Tablet wars amp up

Device development giants are clamouring to dethrone Apple of its iPad triumph – could RIM actually make the leap?

RIM, the company behind Blackberry, took a serious gamble when they went head-to-head with Apple in the tablet market. And so far, it looks like they are losing – that is if the critics are to be believed.

Critics have panned RIM's PlayBook tablet, saying it is a rushed job that won't even provide email service unless it's hooked up to a Blackberry.

"RIM has just shipped a BlackBerry product that cannot do email. It must be skating season in hell," New York Times' David Pogue wrote in a review.

Not a standalone gadget
The PlayBook offers secure e-mail service only in tandem with a BlackBerry, at the moment, but those key services are expected to be launched later.

"I got the strong impression RIM is scrambling to get the product to market," Walt Mossberg, wrote in a Wall Street Journal article.

RIM's 7-inch WiFi-only device is priced identically to Apple's 10-inch market leader and faces tough me-too competition from a slew of devices running Google's Android software.

What is impressive?
The PlayBook is able to handle Flash websites and it can show one high-definition image – a movie, for instance – on a connected TV, while doing something else on its own screen. Those are two things the iPad cannot do.

But reviewers paid more attention to what the PlayBook can't do – namely, limited internet access.

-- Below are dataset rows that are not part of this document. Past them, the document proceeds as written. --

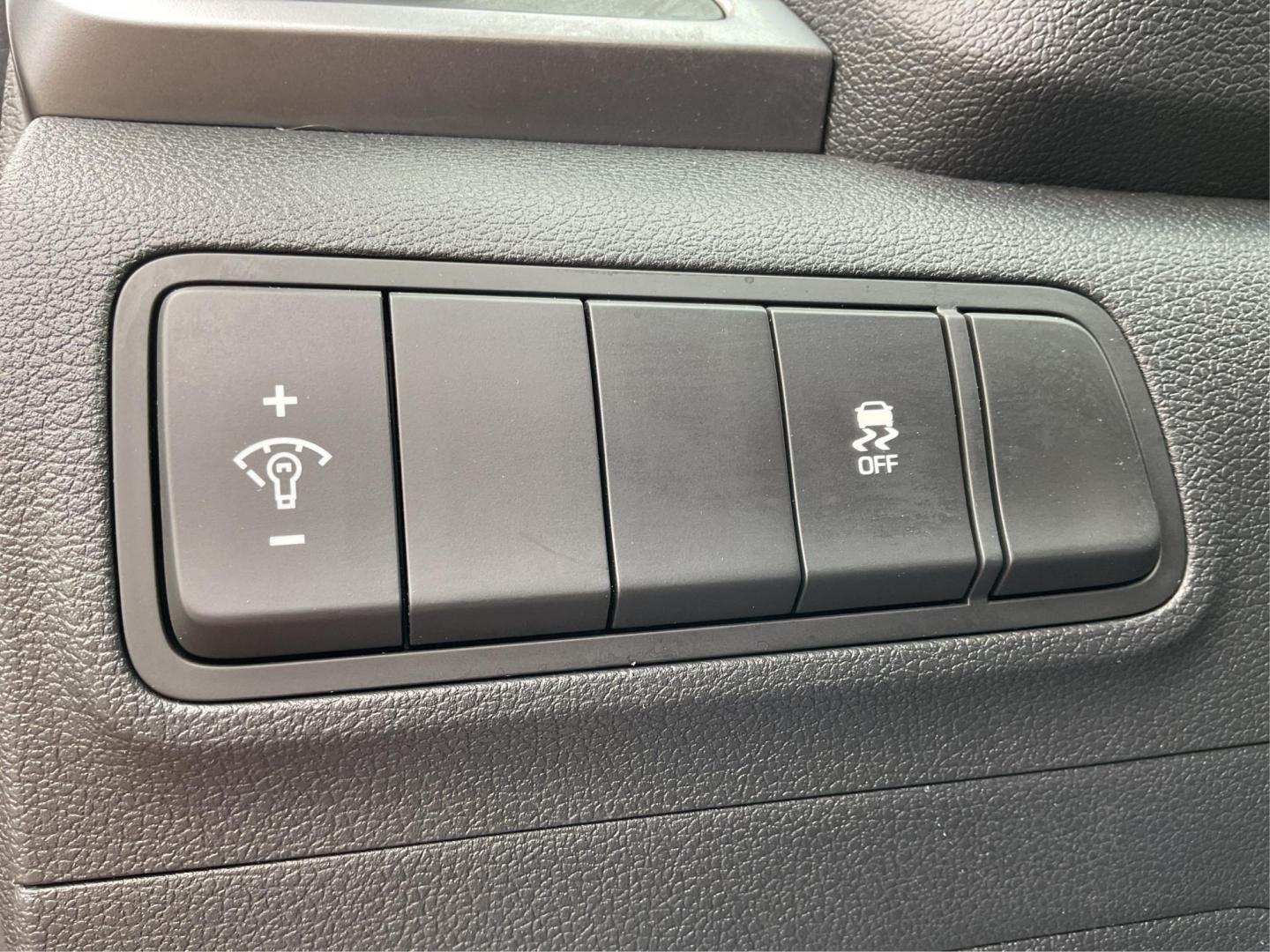 2016 Hyundai Tucson SE (KM8J33A41GU) with an Other engine, located at 1951 S Dayton Lakeview Rd., New Carlisle, OH, 45344, (937) 908-9800, 39.890999, -84.050255 - Photo#15
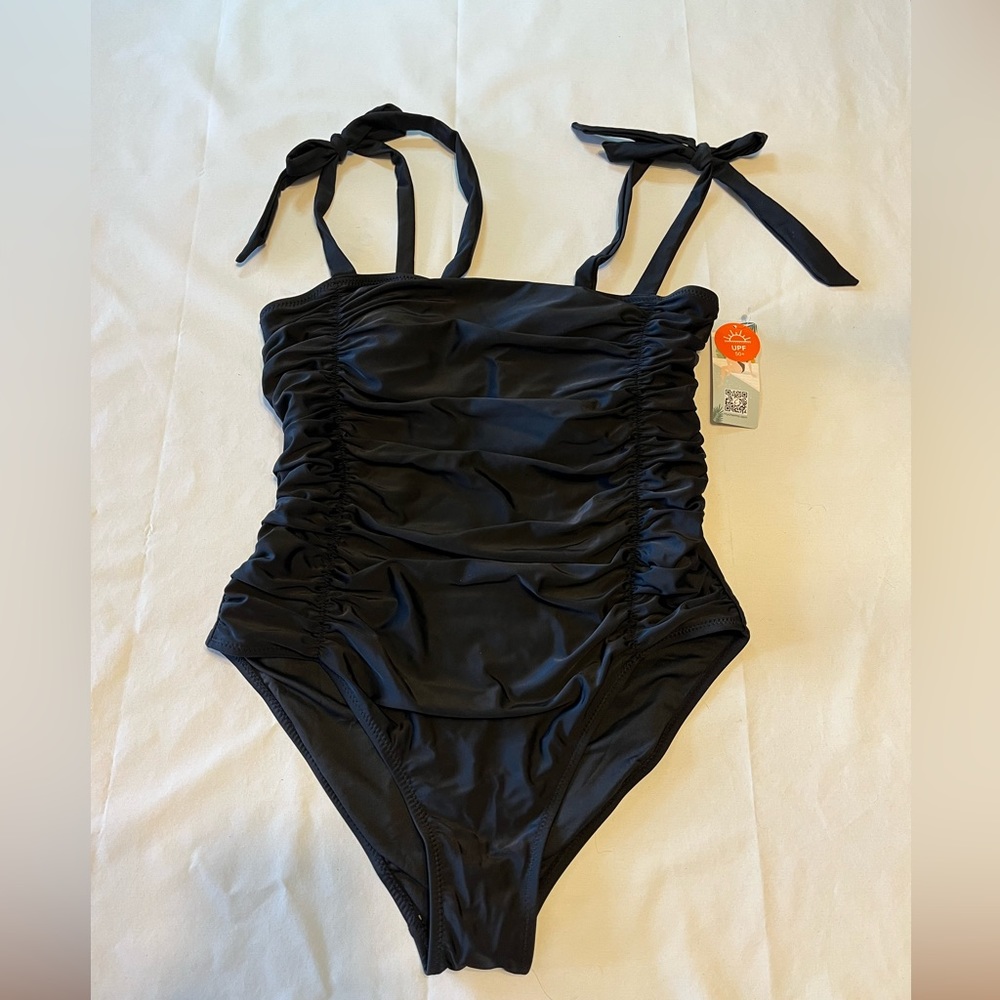 Ladies 1 pieces black swimsuit NWT size Large #p33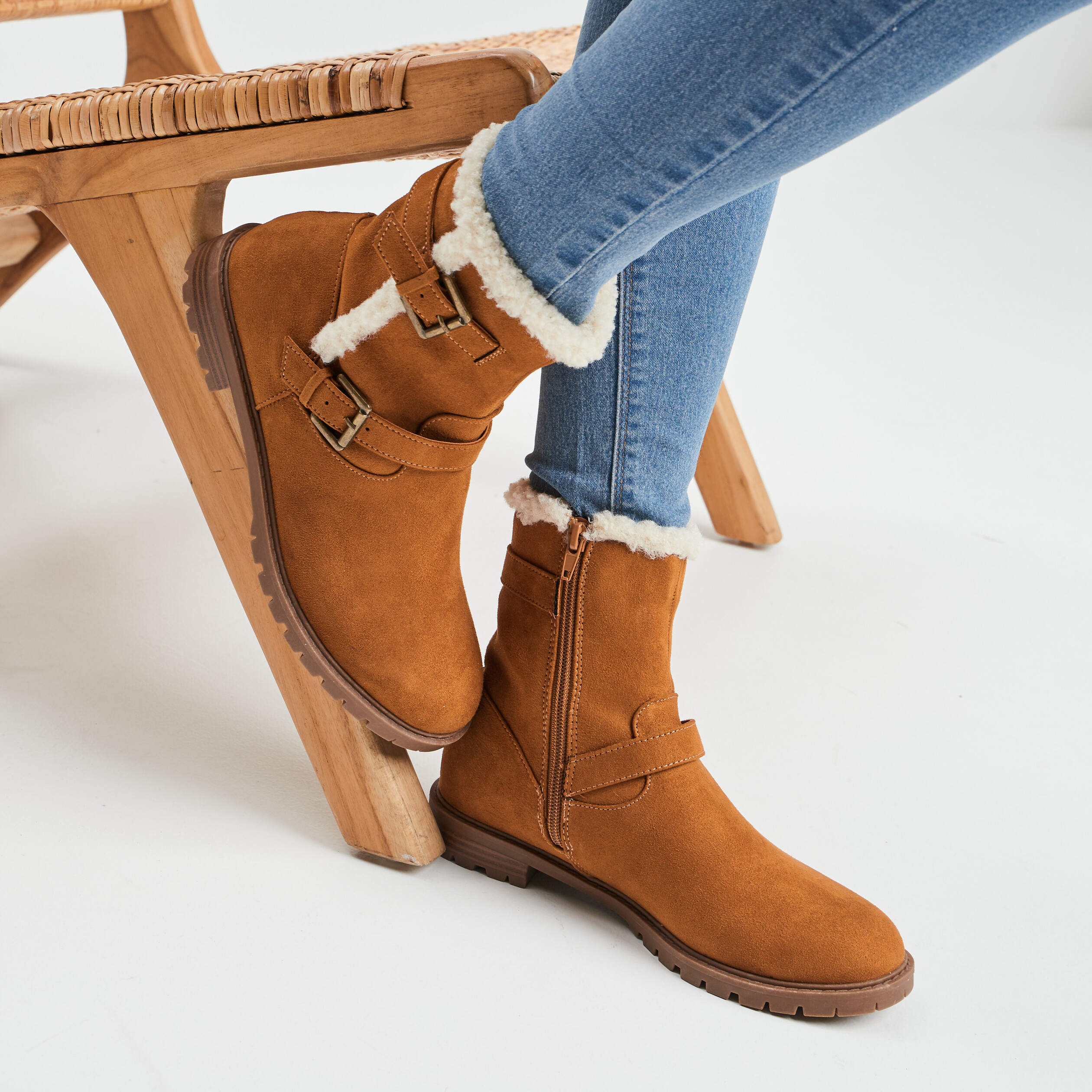 Bottines fourrées avec boucles marron femme | La Halle
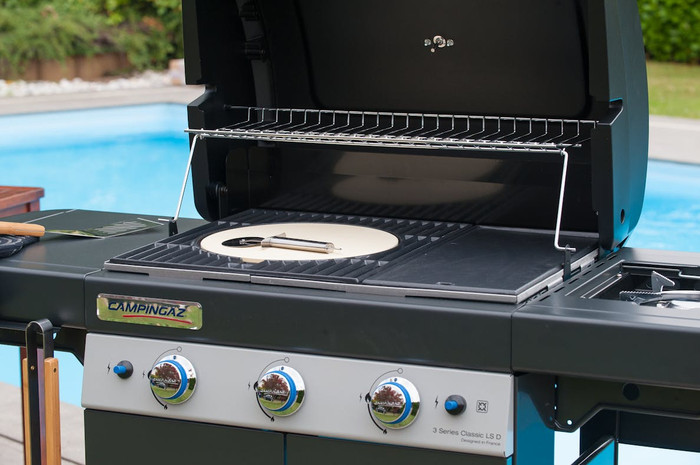 Campingaz 3 Series Classic LS Plus product in use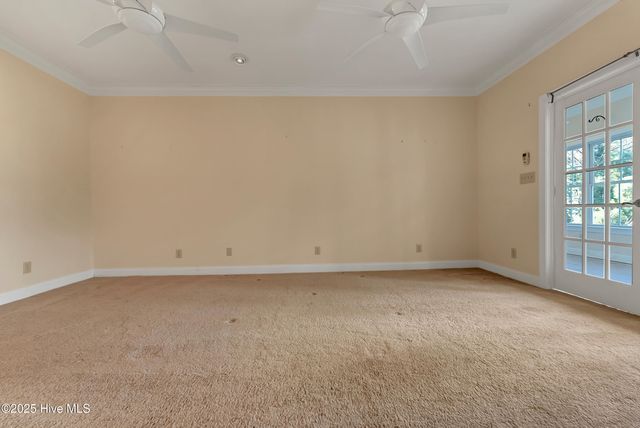 240 Drake Landing, New Bern, NC 28560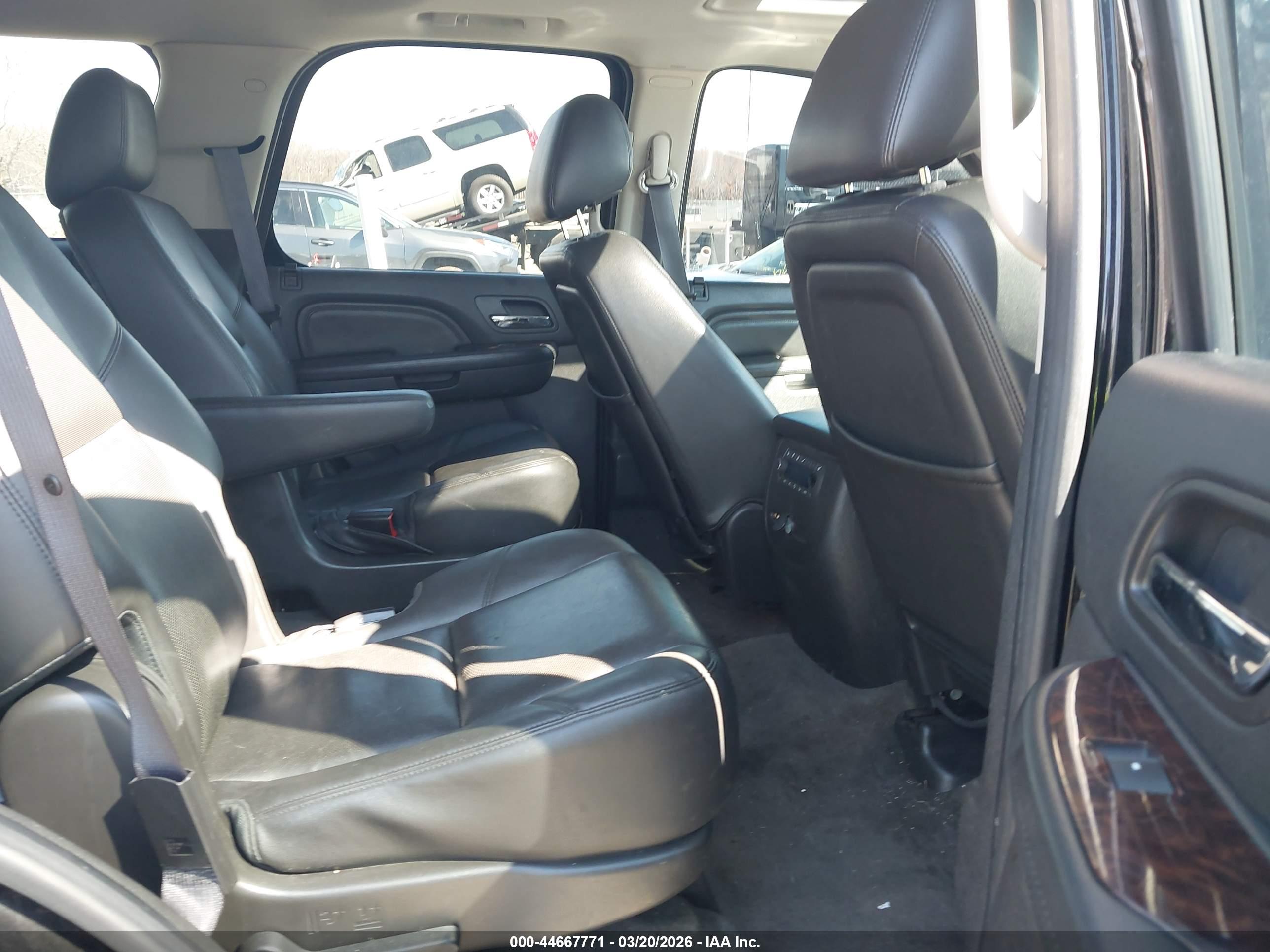 GMC YUKON image 8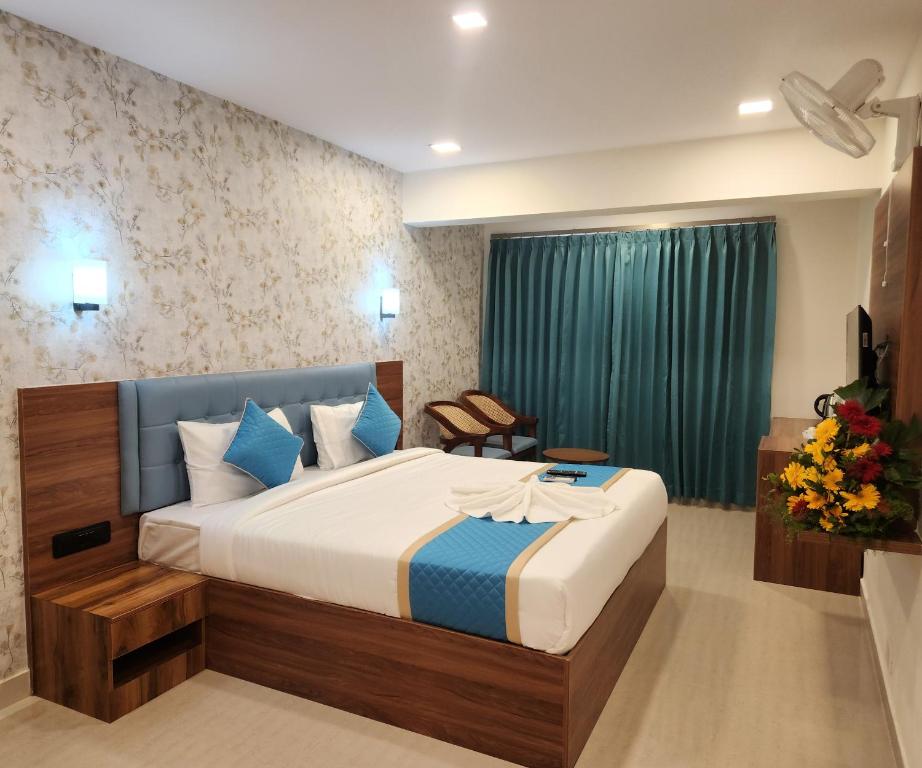 Postel nebo postele na pokoji v ubytování Visthara Elite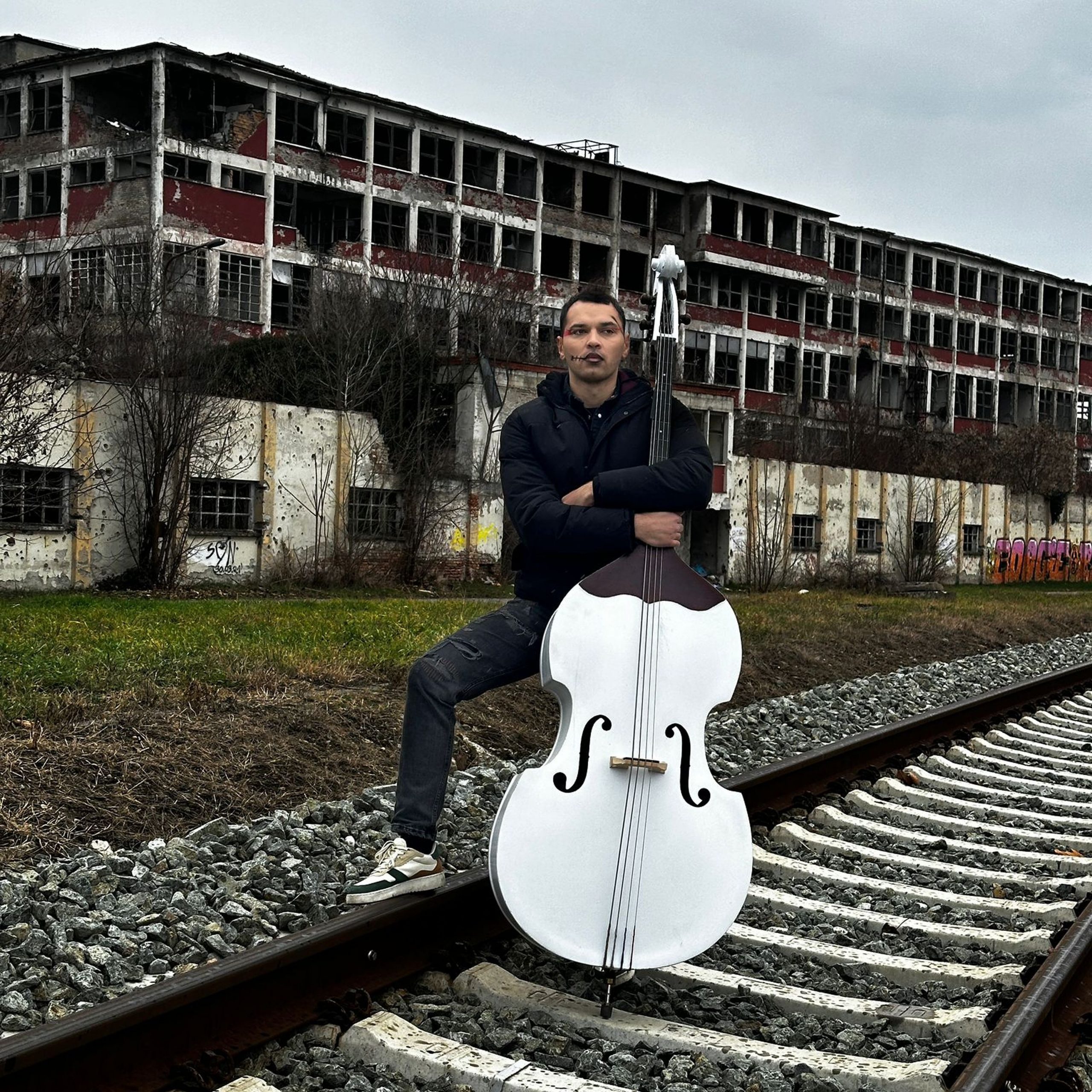 Marko Lazanin singlom “Nit’ oro Nit’ todora guro” spaja tradiciju s modernom zvukom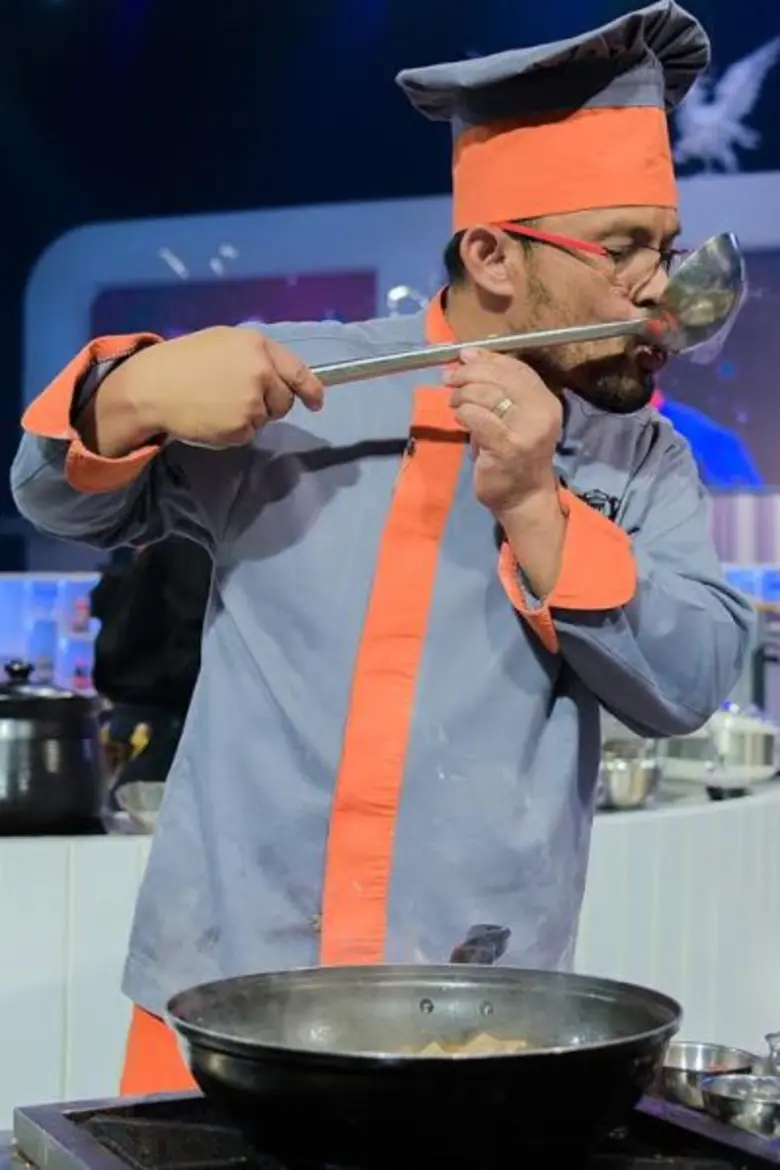 ทีวีไกด์: รายการ "เชฟกระทะเหล็ก ประเทศไทย" “สุดยอดเชฟมือหนึ่ง” หวนคืนสังเวียน คราวนี้ขอถล่ม “เชฟป้อม” ให้ย่อยยับ!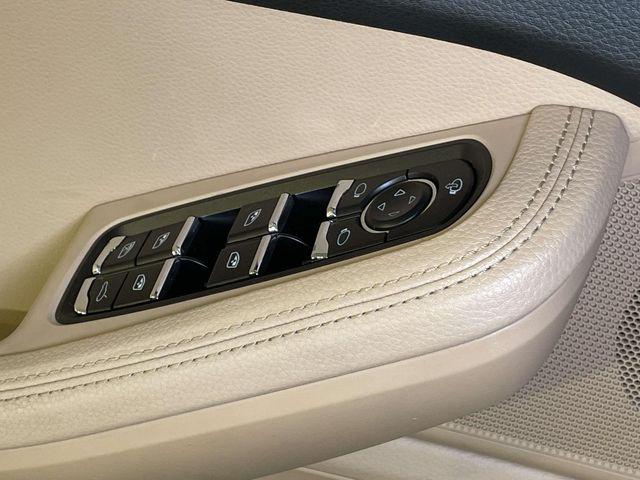 2020 Porsche Macan Unknown
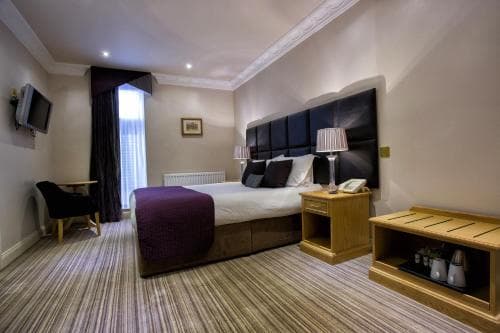 Waterton Park Hotel Image 1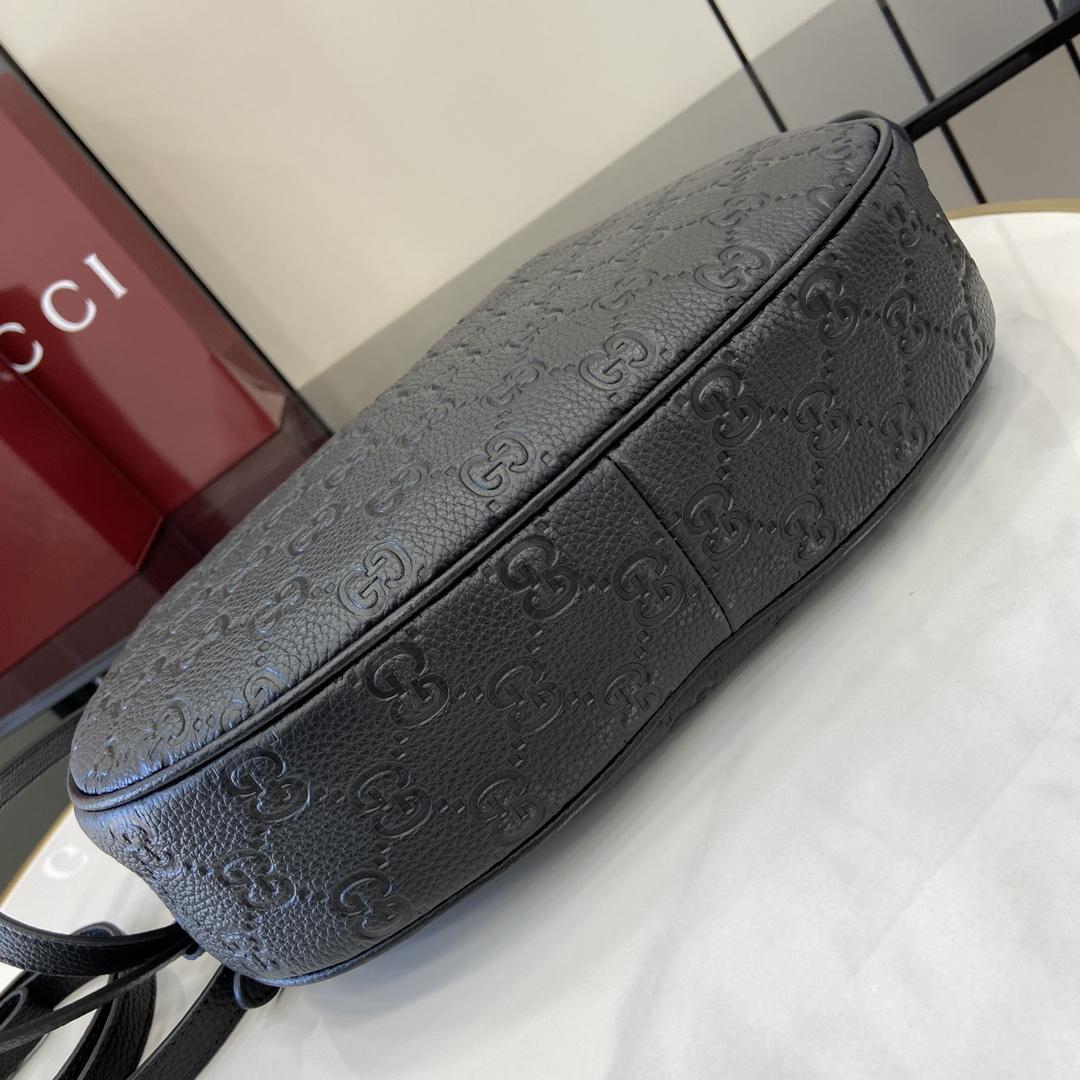 Gucci GG Emblem Medium Shoulder Bag - PerfectKickZ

The PlayBook needs a smartphone to access a cellular network and a BlackBerry to tap into RIM's popular BlackBerry Messenger chat platform or get secure emails.
While the iPad already had a library of more that 65,000 apps, RIM says the PlayBook and its brand-new QNX-based platform will launch with around 3,000 apps.

That number will grow in coming months as RIM adds support for Android apps and those available on its smartphones.

It's too little for Mossberg, even though RIM plans to add a video-chat app soon and key email and personal organizer features, plus cellular connection, later in the year.

"Until then, I can't recommend the PlayBook over a fully standalone tablet, except possibly for folks whose BlackBerrys never leave their sides," he wrote.

Serious power issues
In other critical comments, tech websites Boy Genius Report and Engadget zoomed in on what may at first glance appear trifling: a small and hard to operate power button.

"It's impossible to find by feel and, once located, difficult to activate," Engadget said.

Reviewers also fretted that, days ahead of a launch that will define RIM's standing in the tablet market, the company was still pushing out software updates to fix bugs.

"The PlayBook of today is considerably better than the PlayBook of yesterday, which also was a big step forward from the one we were reviewing two days before that," Engadget said.

It sounds like the iPad won't be dethroned anytime soon. Would you rather buy an iPad or PlayBook?